Namun perjanjian itu tidak boleh melanggar batas-batas hukum, agama, dan kesusilaan. UU Perkawinan tak menyinggung sama sekali mengenai janji menikahi yang kemudian diingkari.
Meskipun sudah ada yurisprudensi, tak semua gugatan atas janji menikahi yang diingkari diterima oleh hakim.
Dalam salah satu putusan tertanggal 23 Februari 2013, Mahkamah Agung menolak permohonan kasasi Penggugat asal.
Dalam petitumnya di tingkat pertama, Penggugat asal meminta majelis hakim menyatakan Tergugat telah ingkar janji untuk menikahi Penggugat.
Namun argumentasi Penggugat ditepis majelis. Majelis hakim agung beralasan Penggugat tidak dapat membuktikan dalil-dalilnya telah menyerahkan keperawanan kepada Tergugat asal setelah Tergugat asal berjanji akan menikahi Penggugat.
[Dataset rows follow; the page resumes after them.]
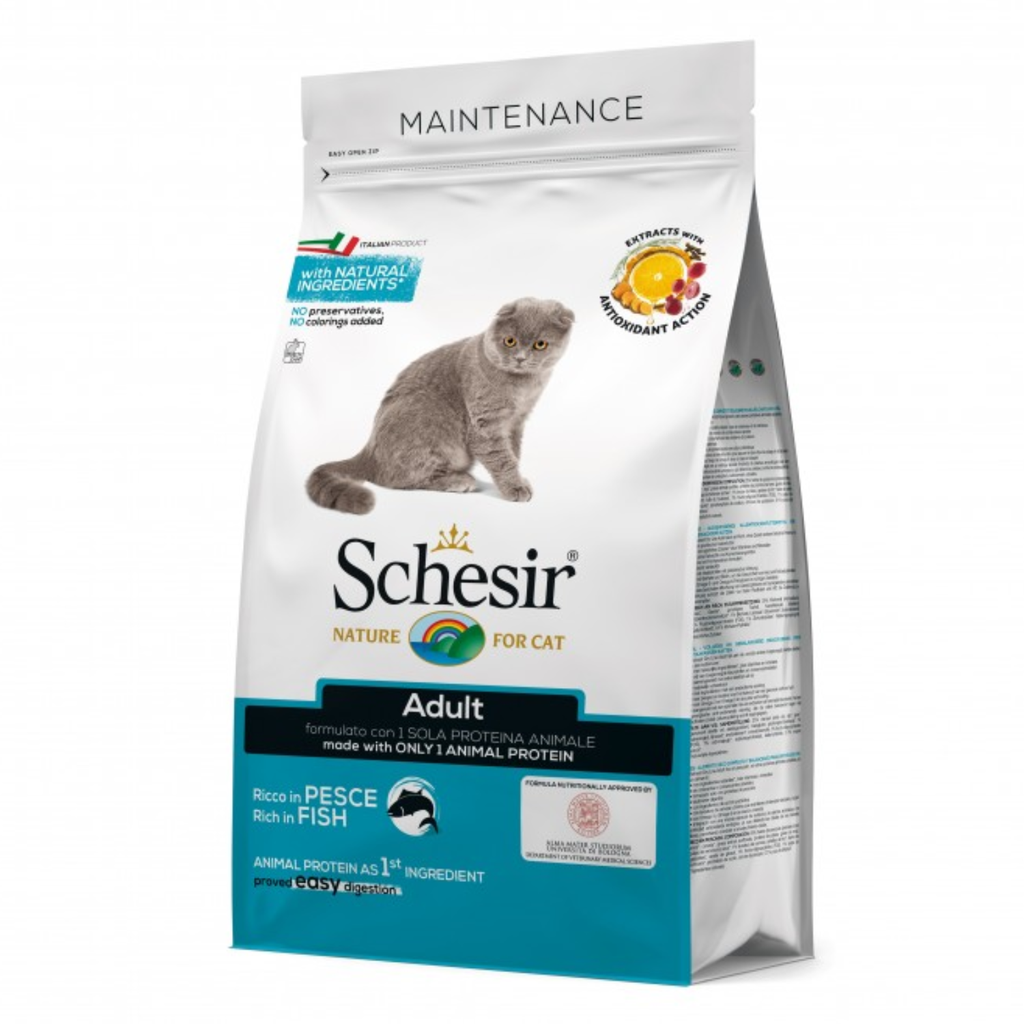 Schesir Cat Dry Food Maintenance with Fish-Adult[Weight - 1.5kg]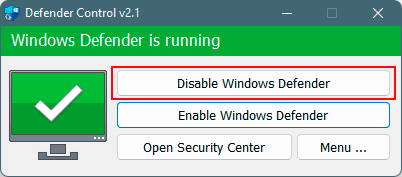 Как отключить Defender Windows 11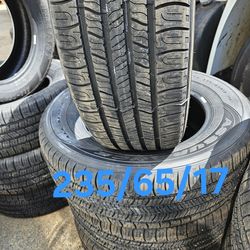 4 new goodyear tires 235/65/17 $650 mount and balance included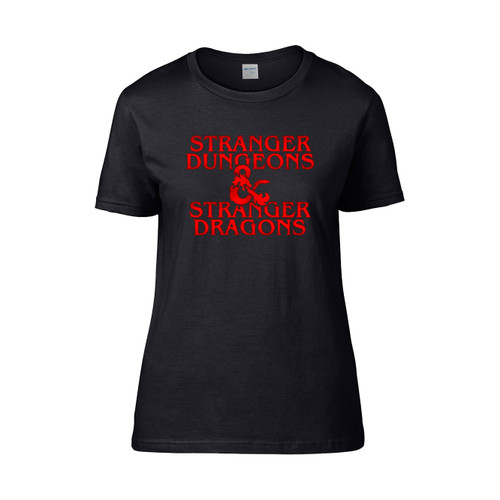 Stranger Dungeons And Stranger Dragons  Women's T-Shirt Tee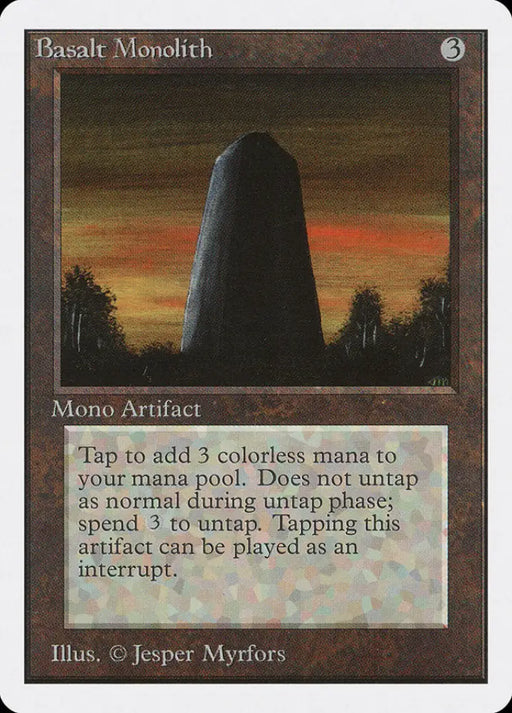 Basalt Monolith [Unlimited Edition] - MTG Single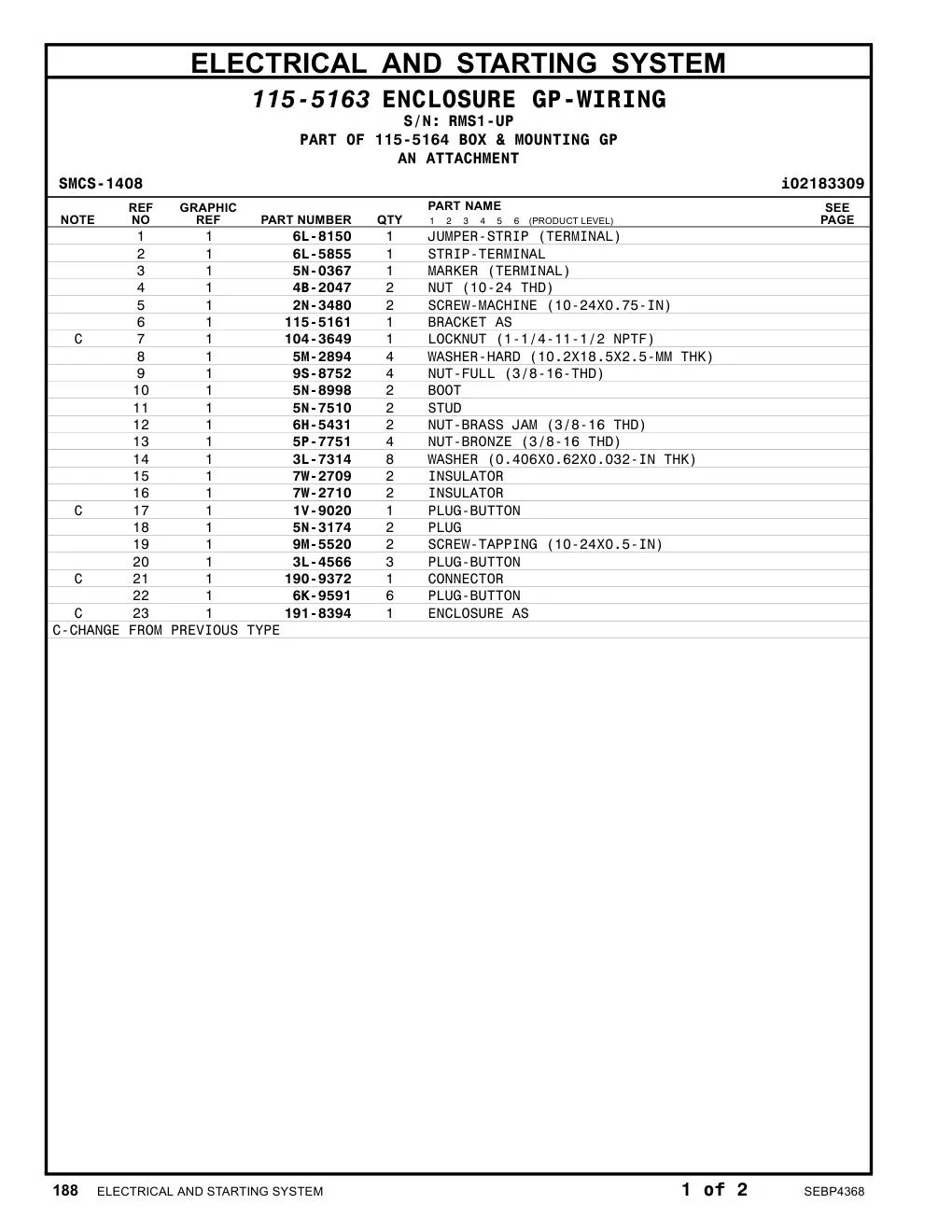 104-3649 - LOCKNUT (1-1/4-11-1/2 NPTF)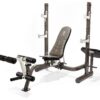 Marcy MWB-70205 Folding Olympic Weight Bench with Squat Rack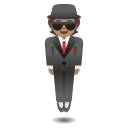 person in suit levitating: medium skin tone on Google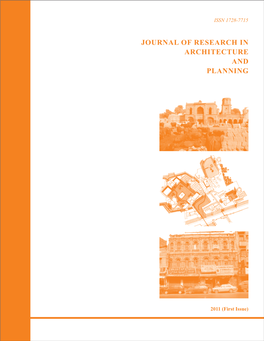 Journal of Research in Architecture and Planning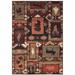 HomeRoots 2' X 3' Brown Rust Berry Sage Green Gold And Ivory Southwestern Power Loom Stain Resistant Area Rug - 2' x 3'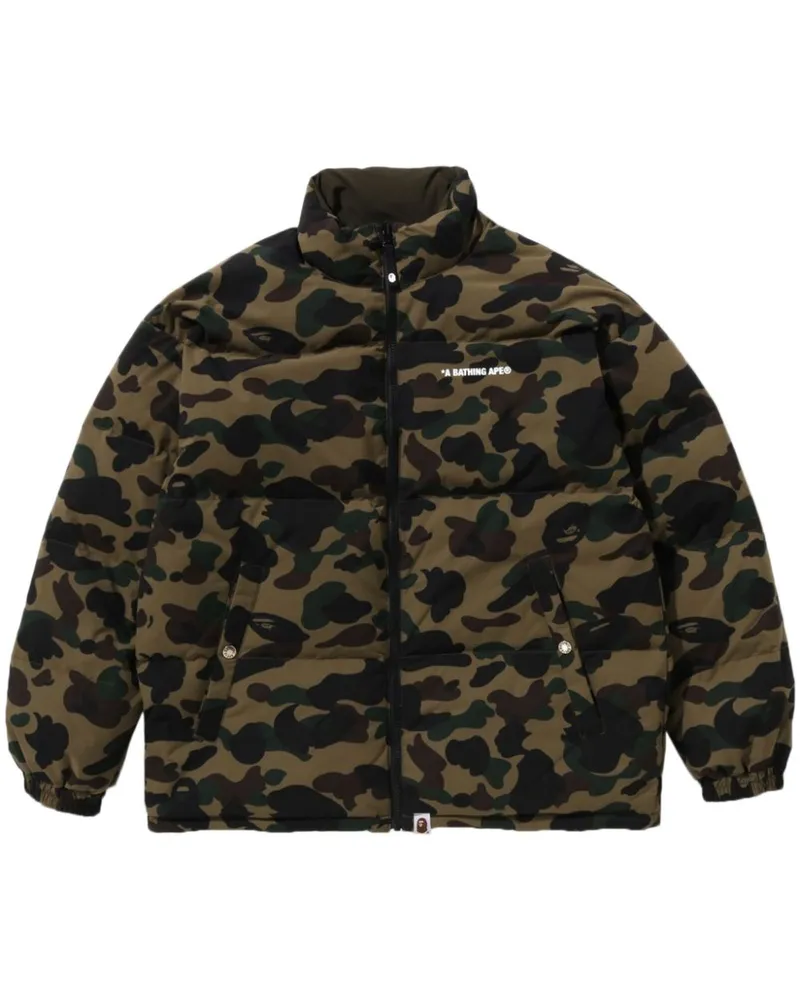 BAPE Wendbare Steppjacke - Grün Grün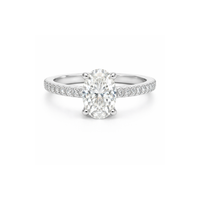 Elegant oval diamond ring with a diamond set band, featuring 1.40 carats, from Appleby Jewellers Dublin.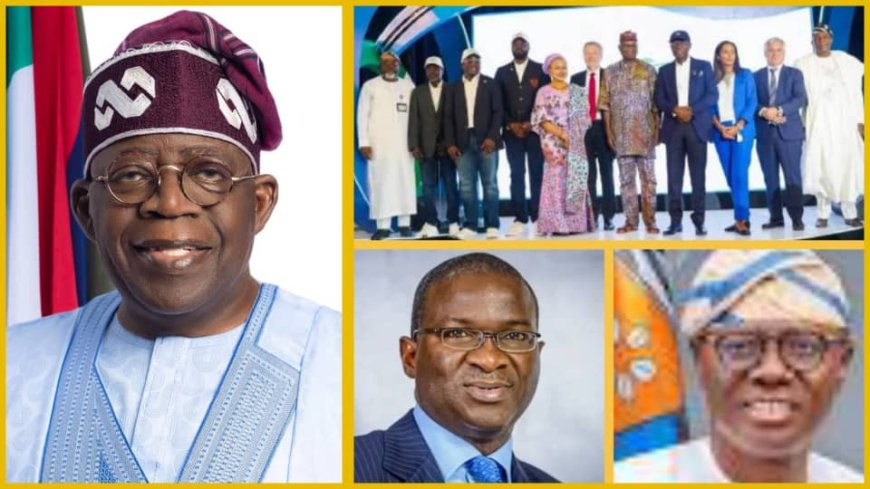 Fashola Appreciates Tinubu for Mentoring Him, Sanwo-Olu, Commends Lagos Strides at Omi Eko Project Launch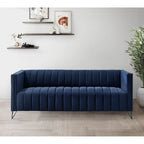 Ensemble de salon à accoudoirs carrés Clayfell Kurtis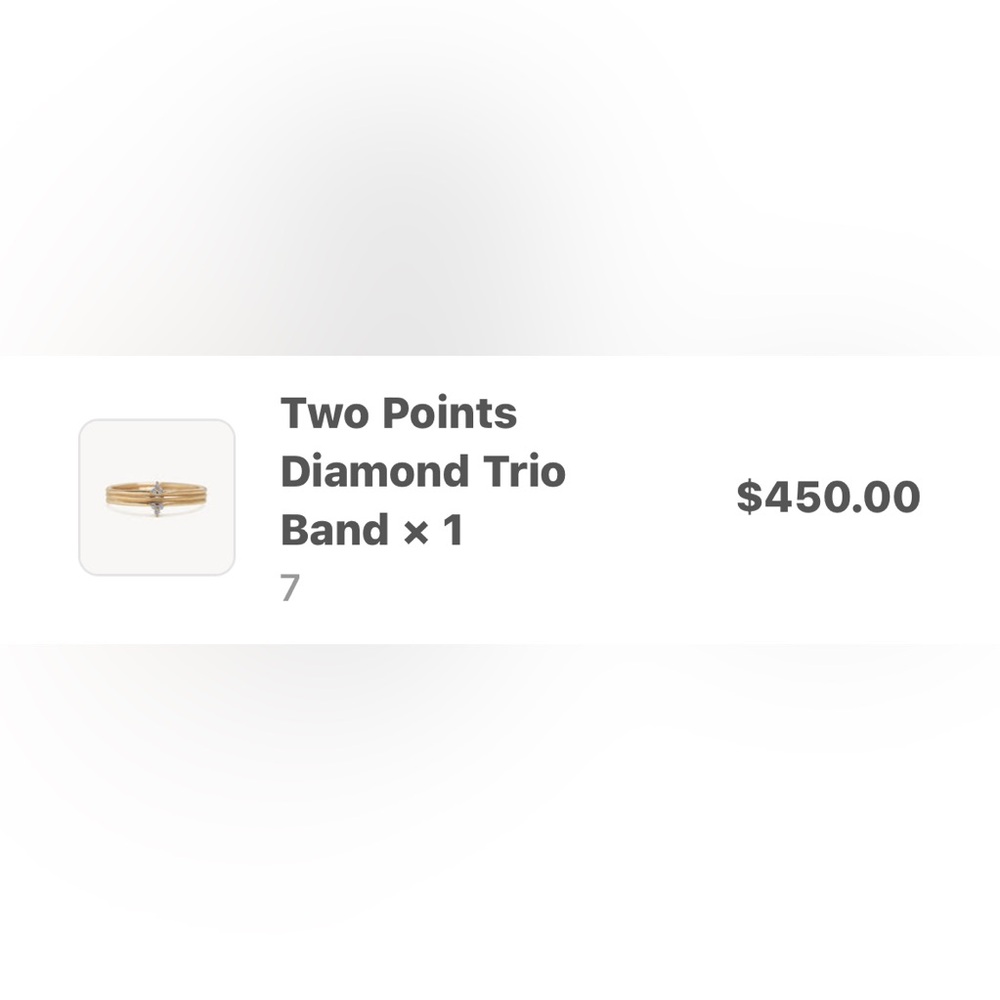 Audry Rose 14k and diamond ring - Picture 4 of 6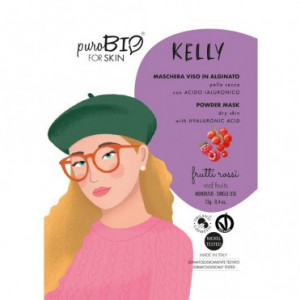 Masca peel-off ten uscat KELLY fructe rosii, 13gr - PuroBio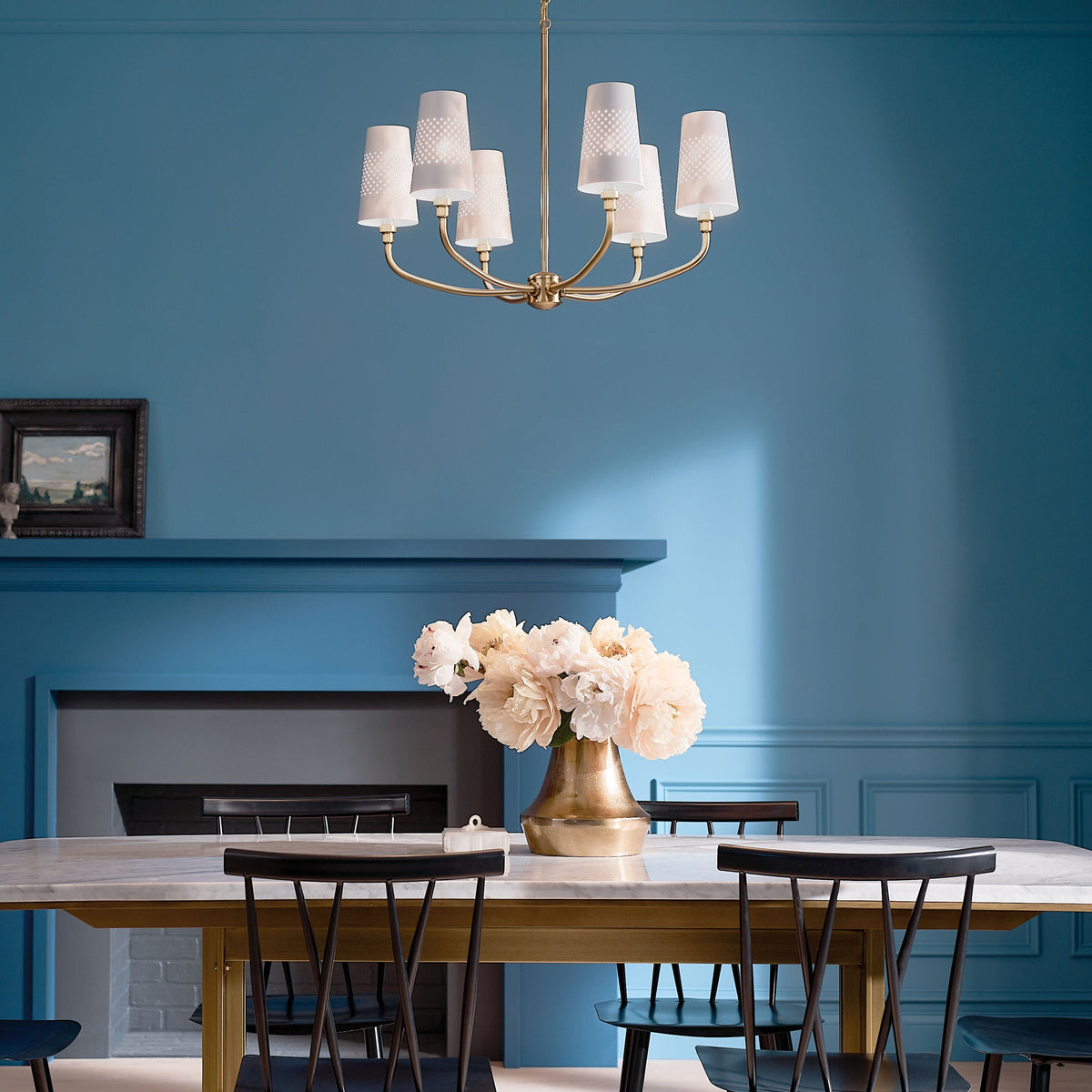 Kichler Adeena 6-Light Brushed Traditional Chandelier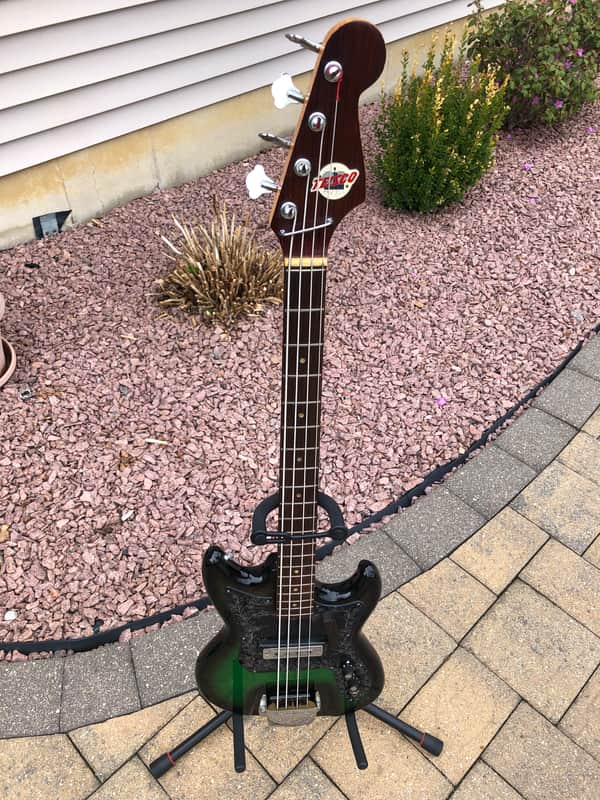 Vintage Teisco EB-100 Short Scale Bass 1960s image 1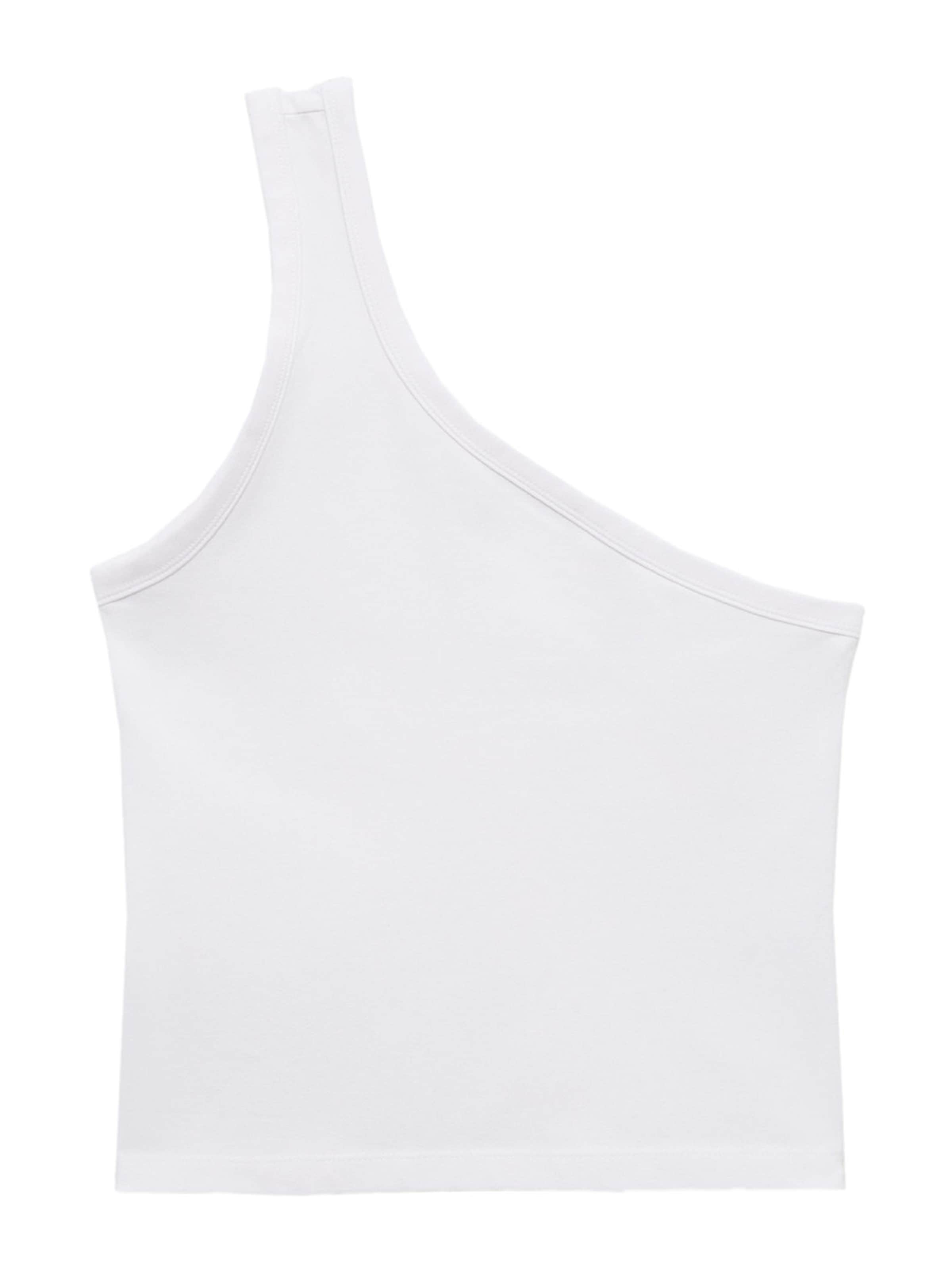 MANGO Topp 'CORALI' i vit: framsida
Dalam bukunya Himpunan Jurisprudensi Indonesia yang Penting untuk Praktek Sehari-Hari (Landmark Decisions), Sudargo Gautama mencatat bahwa putusan 8 Februari 1986 itu mungkin yang pertama kali di Indonesia masalah tidak menepati janji untuk melangsungkan perkawinan dianggap sebagai perbuatan melawan hukum, dan diikuti keharusan membayar ganti rugi.